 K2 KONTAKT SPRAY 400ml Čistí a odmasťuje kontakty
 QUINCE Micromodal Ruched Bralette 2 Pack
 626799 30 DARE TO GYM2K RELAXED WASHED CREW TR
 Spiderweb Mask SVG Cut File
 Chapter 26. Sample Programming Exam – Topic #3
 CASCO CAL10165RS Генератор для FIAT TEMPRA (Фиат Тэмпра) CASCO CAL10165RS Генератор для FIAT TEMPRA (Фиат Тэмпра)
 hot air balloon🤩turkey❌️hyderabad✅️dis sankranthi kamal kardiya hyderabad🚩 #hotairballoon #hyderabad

# # #

◆ **WORK REQUEST**
Write down the entries above again. Copy them word for word.

◆ **TASK RESULT**
 K2 KONTAKT SPRAY 400ml Čistí a odmasťuje kontakty
 QUINCE Micromodal Ruched Bralette 2 Pack
 626799 30 DARE TO GYM2K RELAXED WASHED CREW TR
 Spiderweb Mask SVG Cut File
 Chapter 26. Sample Programming Exam – Topic #3
 CASCO CAL10165RS Генератор для FIAT TEMPRA (Фиат Тэмпра) CASCO CAL10165RS Генератор для FIAT TEMPRA (Фиат Тэмпра)
 hot air balloon🤩turkey❌️hyderabad✅️dis sankranthi kamal kardiya hyderabad🚩 #hotairballoon #hyderabad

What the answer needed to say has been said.